Specifically, RGRTA claims that Gillig breached their contract by failing to deliver buses which met the specifications set forth in RGRTA's request for proposals ("RFP") as well as the recognized and accepted industry standards. Am. Compl. ¶ 81. Gillig allegedly breached their express warranty that the buses and engines would be free from defects by delivering to RGRTA buses and/or engines that were defective due to improper design or manufacture. Id. at ¶ 90. RGRTA further claims Gillig breached implied warranties of merchantability and fitness for a particular purpose, alleging that the buses were not merchantable and not suitable and safe for their intended purpose. Id. at ¶ 101. Finally, RGRTA claims that Gillig negligently failed to inspect, test, and discover the defective nature of the engines. Id. at ¶ 111.

RGRTA alleges that, as an intended third party beneficiary to a binding contract between Gillig and Cummins, it sustained damages as a result of Cummins' failure to design and manufacture engines in a professional and workmanlike manner in accordance with recognized industry standards. Id. at ¶¶ 85-86. Cummins allegedly expressly warranted that their engines would be free from defects and violated this warranty as the engines were defective due to improper design and manufacture. Id. at ¶¶ 94-98. The defective nature of these engines also allegedly violated implied warranties of merchantability and fitness for a particular purpose. Id. at ¶ 106. RGRTA also brings a claim of negligence, asserting that Cummins' negligently failed to inspect, test, and discover the defective nature of the engines, both prior to and following delivery. Id. at ¶ 117. Finally, under a claim of strict products liability, it is alleged that the engines designed and manufactured by Cummins were unreasonably dangerous and defective. Id. at ¶ 123.

Defendants Gillig and Cummins have both moved to dismiss these claims in their entirety, pursuant to Rule 12(b)(6) of the Federal Rules of Civil Procedure, alleging that Plaintiff has failed to state a claim for each and every cause of action. Both parties claim that the breach of contract and implied warranty claims against them should fail as they expressly disclaimed any contractual or implied warranty obligations. See, Gillig Memorandum ("Gillig Mem.") at 1; Cummins Memorandum ("Cummins Mem.") at 1. Furthermore, Gillig denies providing any warranty coverage for the engines in question, specifically excluding engine coverage from their express warranty. Both parties claim that any relevant warranty coverage had expired prior to the Plaintiff experiencing the engine problems at issue. Cummins also denies that the allegedly defective parts fall under this Extended Warranty. Both defendants assert that the contract and warranty claims relating to the first thirty buses delivered are time barred as the buses were delivered more than four years prior to the commencement of this action.
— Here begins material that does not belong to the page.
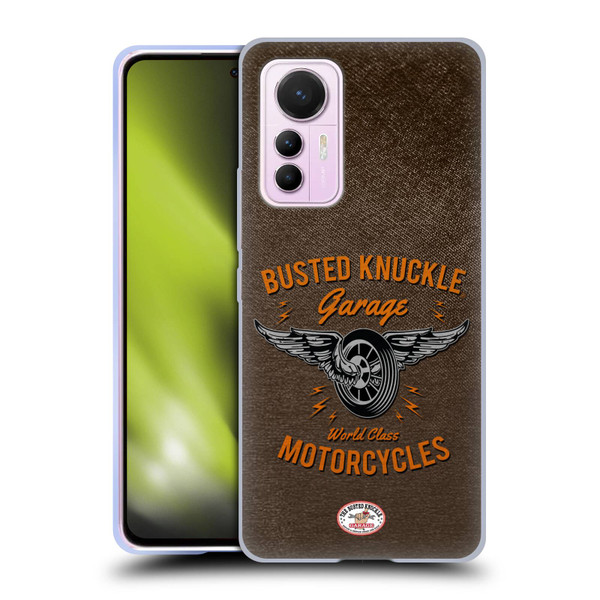 Busted Knuckle Garage Graphics Motorcycles Soft Gel Case for Xiaomi 12 Lite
With respect to the claims of negligence, both parties deny owing any duty to RGRTA outside of their contractual obligations. Further, Defendants assert that these claims fail because RGRTA is only seeking the cost of repairing or replacing damaged parts and economic losses are not generally recoverable in tort actions. Cummins asserts that the strict products liability claim brought against them likewise fails under the economic loss doctrine.

BACKGROUND

In September 2002, RGRTA issued a request for proposals ("RFP")for the purchase of diesel transit buses. This RFP requested a one-year warranty applicable to the buses and a two-year warranty for the engines. It was requested that these warranties provide coverage against defective materials and faulty workmanship for the relevant period, to begin on the date of delivery. Gillig submitted a proposal to provide these buses, including with the proposal its "Low Floor Transit Coach Limited Warranty Standard Coverage" ("Standard Warranty"). See Affidavit of Brian Macleod, sworn to February 18, 2010 ("Macleod Aff."), Ex. A. The terms of this proposal were accepted. On September 22, 2003, RGRTA and Gillig entered into an agreement whereby RGRTA would purchase fifty-nine transit buses and several spare component parts from Gillig. Pursuant to this agreement, Gillig would provide a one-year warranty applicable to the buses. A two-year warranty applicable to the engines would be provided by the engine manufacturer.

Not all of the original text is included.